Early North Carolina history recorded nearly 30 Native American groups across the state. You can see their influence today in the names of North Carolina towns, rivers and counties – Waxhaw, Waccamaw, Catawba, Roanoke, Pamlico and Cape Fear to mention a few.

In 1524, Giovanni de Varrazano was the first European to visit North Carolina, Spanish colonist Lucan Vazquez de Ayllon landed at what is believed to have been the mouth of the Cape Fear River in 1526, and Hernando de Soto explored the southwestern part of the state in 1540. These attempts to colonize failed. Sir Walter Raleigh sent several ships to establish the first colony on Roanoke Island in 1584, but those colonists that survived returned to England in 1586. John White led the second attempt to establish a colony at Roanoke in 1587. White departed for England for supplies but when he returned to Roanoke in 1590, the colonists had disappeared and the word “CROATOAN” was found carved into a tree. Thus, the mystery of the Lost Colony was born. In 1705, the first town in North Carolina was built – the Town of Bath, and in 1789 North Carolina becomes the 12th state of the United States of America.

A little closer to home, Brunswick Town was founded in 1726 on the banks of the Cape Fear River by Maurice Moore, son of a former South Carolina governor. A colony of England, Brunswick Town was named in honor of King George I’s native home, Brunswick, Germany. The port of Brunswick Town was the home to two royal governors and it’s main export was tar, pitch and turpentine, derived from the resin of the longleaf pine, a tree prevalent in the area even today. In 1770, the royal governor relocated to New Bern and by the end of the Revolutionary War, Brunswick Town had been abandoned. In 1794, the capital of North Carolina was moved from New Bern to Raleigh.

Fast forward to the Civil War, where in 1861, the Confederate States of America reclaimed the old Brunswick Town site by building Fort Anderson, just one of the forts along the Cape Fear designed to protect the City of Wilmington. Take a picnic lunch and visit Brunswick Town/Fort Anderson State Historic Site, 10 miles from Southport off Highway 133 North – 8884 St. Phillips Road in Winnabow. Learn how Brunswick Town held a tea party 8 years prior to the Boston Tea Party, walk along the banks of the Cape Fear River and see the ruins of the St. Phillips church.
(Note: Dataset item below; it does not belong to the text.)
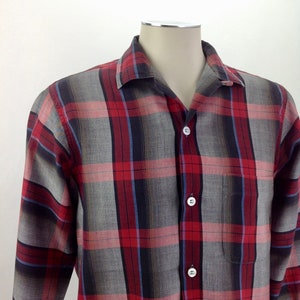 1950's Shadow Plaid Shirt Light Weight Cotton Ombre - Etsy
Meanwhile, downstream of Brunswick Town, Fort Johnston was built between the years 1745 and 1754 on what is now the Southport Waterfront. The fort protected settlements upriver and provided quarantine service for mariners. One section of the quarantine station is still visible from the Waterfront and the Fort has been converted into a Visitor Center, Southport History Museum, and the N.C. Maritime Museum @ Southport.

In 1792, the General Assembly of North Carolina commissioned a small group of men, led by Joshua Potts to create the Town of Smithville a town surrounding Fort Johnston. This town was named for Benjamin Smith, a representative in the NC House of Commons (1868 changed to N.C. House of Representatives) and later elected the 16th Governor of the State of North Carolina.

The town of Smithville became the seat of Brunswick County in 1808, and in 1887 the town’s name was changed to Southport in an effort to attract a major port. The port didn’t happen but the town grew. In 1978, growth in the County caused the County Seat to move from Southport to a more central location in Bolivia.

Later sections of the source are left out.